While acknowledging that the recent deterioration in the outlook for the global economy and heightened domestic tensions had placed the South African economy under renewed pressure, Minister Gordhan emphasised that South Africa is in a stable fiscal position. In a bid to reassure investors the Minister noted that National Treasury would continue to manage government finances in a prudent and countercyclical manner and that contrary to rating agencies suggestion, no significant measures to change the current fiscal trajectory are required.
Reflecting more challenging economic conditions, National Treasury revised its GDP forecast lower and now expects the economy to expand by 2.5% y/y in 2012 and 3.0% in 2013 ( as compared to 2.7% and 3.6% previously). In light of slower than anticipated growth, the South African Revenue Service(SARS) has also revised its revenue targets for the next three fiscal years downwards, the revenue target for 2012/13 has been lowered by R5 billion.
Downward Revision to GDP Forecasts
Following on from the February budget, limiting growth in overall expenditure was again one of the central themes. In particular, the reprioritisation of funds to reflect key priorities and greater expenditure discipline were stressed. It was encouraging to hear, that despite a higher-than-anticipated public sector wage settlement (above-inflation), overall government spending will be maintained at levels set in the 2012 budget. In order to achieve this R40 billion in spending over the three-year MTEF period has been reprioritised towards infrastructure investment, economic development, education and healthcare. The Minister has also pledged to contain growth in the public sector wage bill over the next three years, with compensation of government employees expected to fall from 35% of total budget revenue currently to 34% in 2015/16.

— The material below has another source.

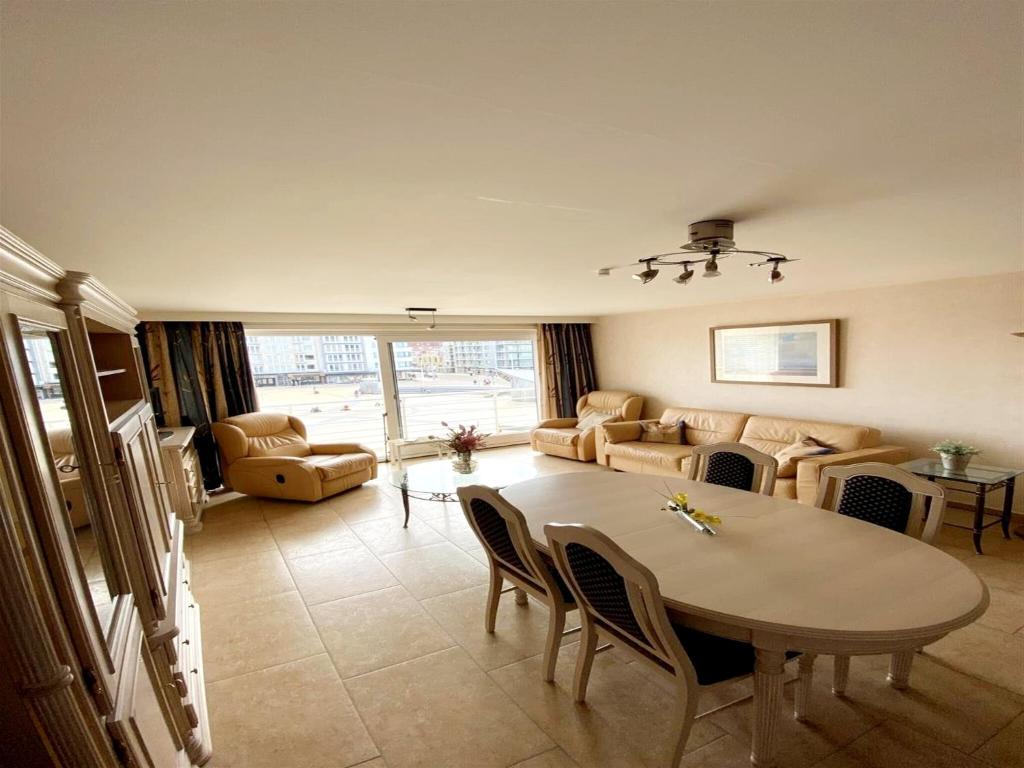 Apartment in Middelkerke with Sea View, Middelkerke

Forecast Government Revenue and Expenditure
With slower growth in tax revenues forecast, Treasury expects the budget deficit to widen to 4.8% of GDP this fiscal year (as compared to 4.6% forecast in February). A gradual in reduction in the budget deficit to 3.1% of GDP in 2015/16 is forecast which will allow government to maintain a debt-to-GDP ratio of just below 40% within the MTEF period.
From a policy perspective, the budget was very much “business as usual” with no significant interventions or revenue initiatives announced. While for the moment National Treasury is relying on spending restraint to reduce the budget deficit and maintain a sustainable debt levels, they cautioned that should the outlook for the economy deteriorate further, higher taxes may be considered.

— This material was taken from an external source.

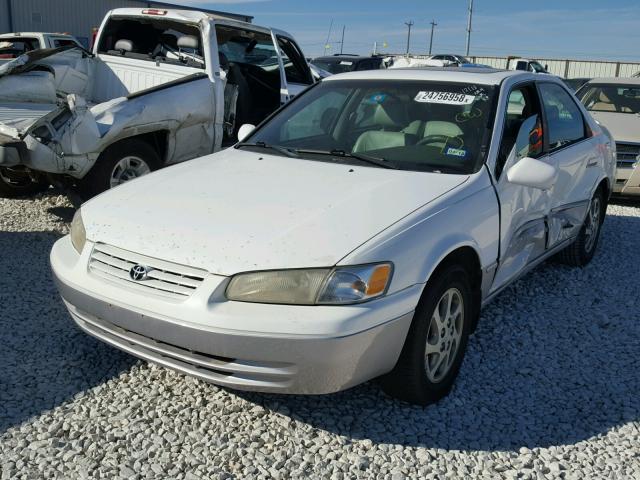 4T1BF22K9VU914048 - 1997 TOYOTA CAMRY CE WHITE photo 2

Given the more constrained budget, it appears likely that the implementation of more ambitious policy initiatives will be postponed - for example there was little mention of the National Health Insurance (NHI) scheme. In an attempt to promote greater efficiency and transparency in spending, additional checks will be introduced.
The focus in the MTBPS was on maintaining prudent fiscal management; in next year’s budget we hope we hope to see greater emphasis on policies that will help to address South Africa’s longer-term challenges – in particular, the poor quality of basic education, burgeoning youth unemployment and lack of adequate support for small and medium enterprises.
Overall it was a conservative budget, appropriate for an outlook fraught with uncertainty.